定山渓鉄道資料集
【定山渓鉄道沿線百話 その四三 「ガンケ」】
定山渓鉄道沿線には、車窓からの景色が楽しめる実に数多くの景勝地がありました。
昭和一〇年代、豊平から定山渓行の電車に乗ると、札幌の街並みを遠望しながら田んぼとリンゴ畑が広がる平岸の丘上を進みます。天神山を越えると真駒内種畜場が広がり、藻岩山を背景に牛の放牧を眺めるのどかな景色がしばらく続きます。そして石山陸橋を越えると白い岩肌をさらす石切場がひときわ目立つ独特な町なみへと入るのですが、現在はそのほとんどが過去の情景となってしまいました。

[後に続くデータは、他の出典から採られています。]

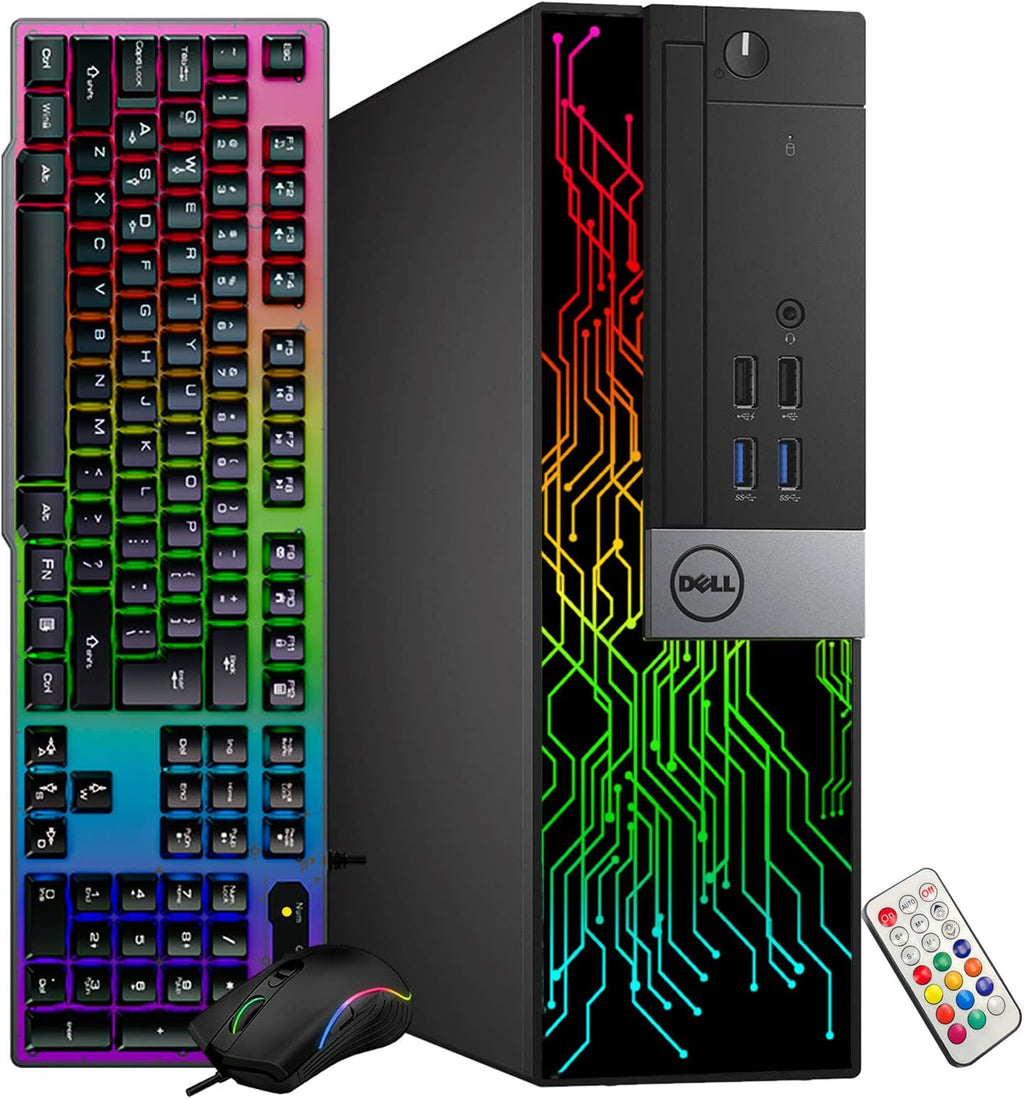 Dell Custom RGB Lights PC with 22 Inch Monitor OptiPlex Desktop Computer i5 6500 8GB RAM 256GB SSD Windows 11 Pro WiFi HDMI (Renewed)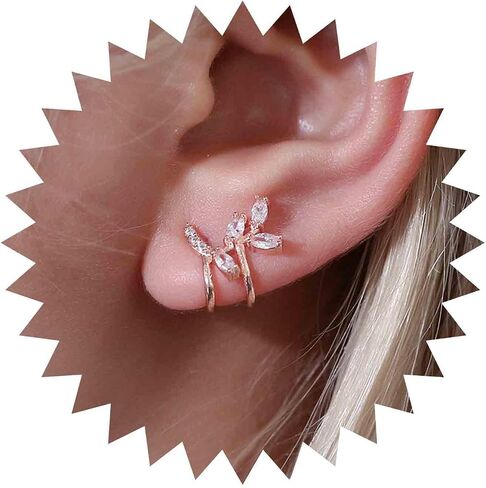 Andelaisi Boho Crystal Leaf Cuff Stud arocrings Vintage Leaf Clip أقراط الذهب CZ Leaf Ear Wrap arics no arcing arcing المجوهرات للنساء in Saudi Arabia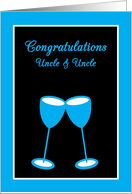 Gay Uncle Marriage Blue Toasting Glasses card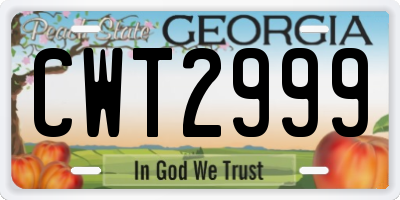 GA license plate CWT2999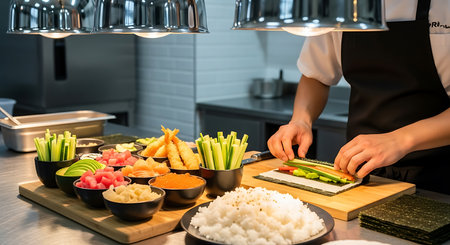 Chef preparing sushi in japanese restaurant kitchen, closeupの素材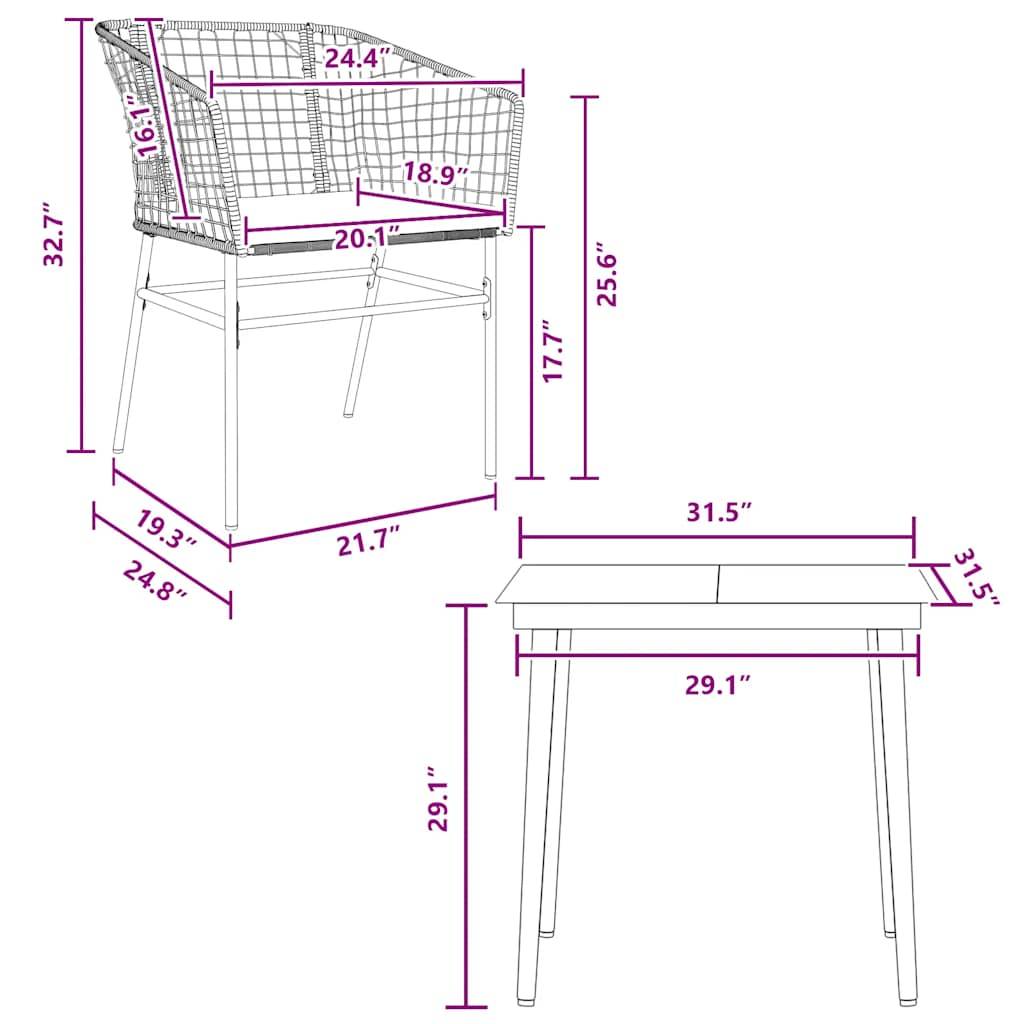 vidaXL 3-tlg. Garten-Essgruppe mit Kissen Braun Poly Rattan Glas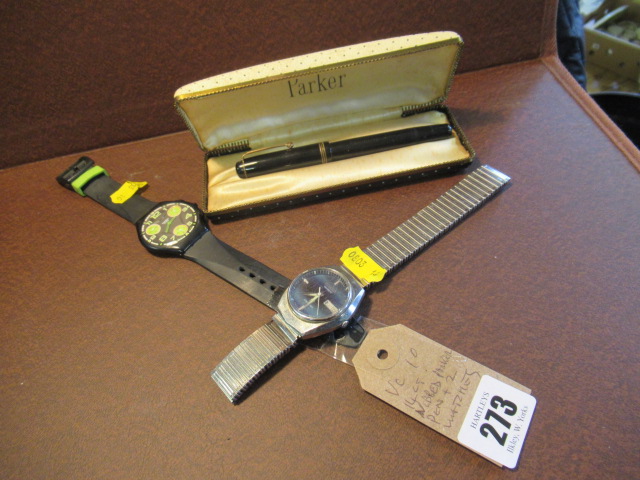 PARKER PEN WITH 14CT NIB AND TWO WATCHES Image
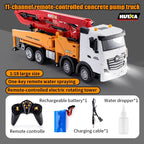 Toy concrete pump truck with remote control and accessories on a gray background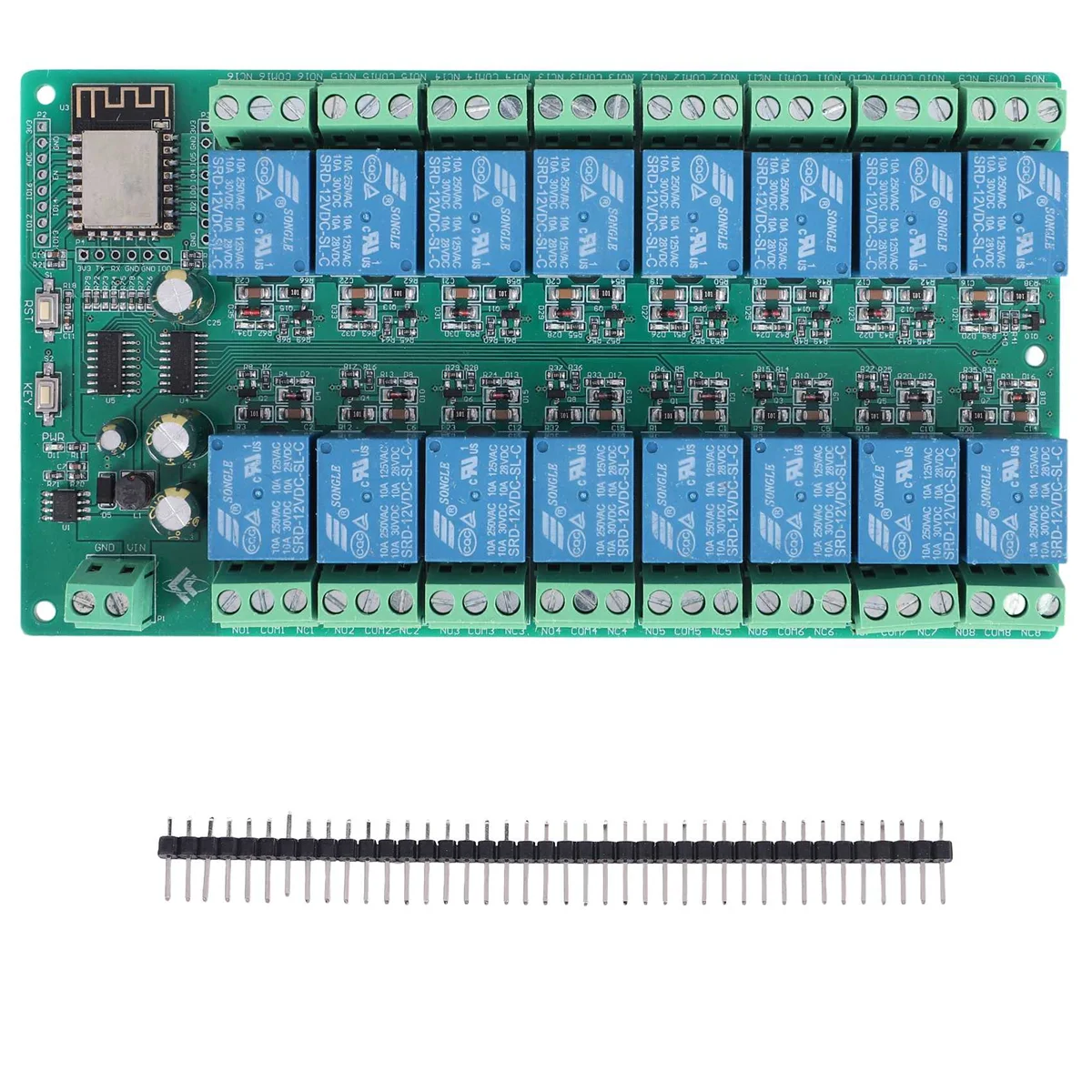 ESP8266 WIFI 16 Channel Relay Module ESP-12F Development Board Power, 16 Way Relay Module, Supply Mode 12V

しかし当時の車窓からの眺めを今もそのままに留める景色が、まだわずかながら残されています。現在、石山一条五丁目付近の豊平川の河畔に立つと、対岸に屹立する赤味がかった柱状節理が望めますが、ここは「ガンケ」と呼ばれた名所のひとつでした。石切山停車場を出た電車はやや北へ変針して豊平川へ近づきますが、およそ標高一二〇~一三〇メートルの河岸段丘面の縁に沿って線路が敷かれていたことが地形図から判別できます。川面より段丘面に高さがあるため、宅地開発が進められる以前までは、車窓よりこの柱状節理の連なるダイナミックな断崖が手に取るように眺められたものと思われます。ちなみに「ガンケ」とは崖が訛って伝えられた言葉でしたが、その言葉の中には開拓の苦難の歴史も込められていました。
石山は札幌開拓期より、支笏火山によってできたとされる凝灰岩石層からの石材切り出し(札幌軟石)が行われたことで知られていますが、石山河岸段丘と豊平川を境に左岸側では標高三七〇メートルの硬石山がせり出し、こちらも軟石切出しとほぼ時期を同じくして(明治九年ごろ)砕石が始まりました。山の名の通り硬岩を切出し、今でも砕石が続けられて道路の敷石、建築物の土台などに利用されています。しかしその結果として硬石山東側の山体は大きく削られ、定鉄電車から見えたであろう当時の景色からは著しくその形が変わってしまいました。一方で「ガンケ」の方はその硬石山の南端にあたり、明治開拓期から見られた荒々しい断崖のイメージを残しています。
現在、この「ガンケ」を豊平川対岸より眺めると、中腹に一本の筋が横切っているのを確認できます。コンクリートと石積みの壁があるため一目で人工造形物であることが容易に想像できるのですが、実は昭和五〇年代までここには道路が通じていました。その歴史は古く、篠路屯田給与地であった白川の本格的な開墾を行うために、篠路屯田兵の小村亀十郎が中心となってこの崖の中腹へ道路開削を始めた、明治三一年一二月にさかのぼります。険しい崖の区間はわずか五〇〇メートルほどの距離でしたが、それまでは崖下を川の岩場を伝って歩くよりほかはなく、石山、重吾ノ沢、野ノ沢(現藤野)地区とは対照的に白川地区の開拓を遅らせていた障害となっていました。しかし、小村亀十郎のリーダーシップと入植を希望する人たちの熱意と努力により、それからわずか三か月、しかも積雪期だった翌年二月に幅員二.七メートルの白川道路が完成。馬車の往来が可能となります。その後はこの道を通じて続々と入植者があり、対岸に定山渓鉄道が開業する大正七年ごろにはほぼ開拓がひと段落して小部落が形成され、やがて南に開けたその地の利から優良農産物を産出する農村地帯として発展していきます。そして札幌へ農産物を運び出すため、この白川道路が大きく貢献しました。昭和二〇年代以降には、レジャーブームの広がりも追い風となって定鉄ハイキングコースの一部にもなり、さらに鉄道廃止後は札幌市が指定する自然遊歩道として利用されることになります。しかし、その地形的条件からしばしば落石が発生することと、昭和五一年には南沢側から市営し尿処理場を経由して直接白川へ入る市道が整備された結果、この歴史ある白川道路はとうとう利用廃止となり、現在は通行が禁止されてしまいました。
※カットは左上より時計回りに「ガンケ」を背景に石山~藤ノ沢間を走る定鉄電車(札幌公文書館所蔵)。落石が激しい現在の「ガンケ」。国土地理院発行五万分一図『石切山』(昭和一〇年修正)より当該箇所拡大。この当時は立派な幹線道路。そして、現在の石山一条九丁目付近の線路跡から見たガンケ。